The Metadata Controller System
The CPU power and memory capacity of the MDC System are important performance factors, as well as the number of file systems hosted per system. In order to ensure fast response time it is necessary to use dedicated systems, limit the number of file systems hosted per system (maximum 8), and have an adequate CPU and memory. See StorNext Limits for limits on the number of files per file system and per database instance.
Some metadata operations such as file creation can be CPU intensive, and benefit from increased CPU power.
Other operations can benefit greatly from increased memory, such as directory traversal. SNFS provides two config file settings that can be used to realize performance gains from increased memory:
BufferCacheSize
InodeCacheSize
However, it is critical that the MDC system have enough physical memory available to ensure that the FSM process doesn’t get swapped out. Otherwise, severe performance degradation and system instability can result.
The operating system on the metadata controller must always be run in U.S. English. On Windows systems, this is done by setting the system locale to U.S. English.
Caution: As the File System Manager (FSM) supports over 1000 clients (with more than 1000 file requests per client), the resource limits of your MDC may be exhausted with additional load from other processes. Exceeding the file descriptor limit will cause errors to your system. Quantum recommends you not run additional applications on the MDC.

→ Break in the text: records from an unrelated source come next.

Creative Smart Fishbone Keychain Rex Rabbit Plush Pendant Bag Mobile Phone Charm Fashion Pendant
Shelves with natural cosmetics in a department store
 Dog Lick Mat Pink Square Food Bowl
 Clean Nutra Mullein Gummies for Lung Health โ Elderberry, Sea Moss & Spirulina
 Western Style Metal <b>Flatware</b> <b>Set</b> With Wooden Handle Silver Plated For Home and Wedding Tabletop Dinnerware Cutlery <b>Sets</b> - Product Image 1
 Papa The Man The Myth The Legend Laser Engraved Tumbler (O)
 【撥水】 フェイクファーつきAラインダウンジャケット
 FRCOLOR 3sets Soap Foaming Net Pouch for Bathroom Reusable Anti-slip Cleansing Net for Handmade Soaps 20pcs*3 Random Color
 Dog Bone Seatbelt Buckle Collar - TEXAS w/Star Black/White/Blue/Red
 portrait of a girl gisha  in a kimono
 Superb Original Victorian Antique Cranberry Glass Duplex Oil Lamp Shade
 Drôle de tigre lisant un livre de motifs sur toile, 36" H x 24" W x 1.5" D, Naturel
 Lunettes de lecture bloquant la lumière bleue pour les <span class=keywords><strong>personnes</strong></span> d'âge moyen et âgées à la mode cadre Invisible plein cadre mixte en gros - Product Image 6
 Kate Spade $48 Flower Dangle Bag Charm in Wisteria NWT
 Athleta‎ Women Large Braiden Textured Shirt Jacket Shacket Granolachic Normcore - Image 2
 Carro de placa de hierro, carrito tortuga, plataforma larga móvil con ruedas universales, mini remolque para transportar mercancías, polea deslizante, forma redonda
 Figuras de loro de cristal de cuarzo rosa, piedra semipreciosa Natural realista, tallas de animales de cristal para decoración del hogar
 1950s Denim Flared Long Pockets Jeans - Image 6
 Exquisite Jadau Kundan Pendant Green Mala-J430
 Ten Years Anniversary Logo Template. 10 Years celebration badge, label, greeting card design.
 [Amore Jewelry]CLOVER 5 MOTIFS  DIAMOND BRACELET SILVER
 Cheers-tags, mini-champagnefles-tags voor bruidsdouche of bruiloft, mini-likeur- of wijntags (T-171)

The following FSM configuration file settings are explained in greater detail in the snfs.cfgx
file and snfs_config(5)
man pages, which are available in the StorNext Man Pages Reference Guide posted here https://www.quantum.com/snsdocs.
Please refer there for setting details and an example file. For a sample FSM configuration file, see Example FSM Configuration File.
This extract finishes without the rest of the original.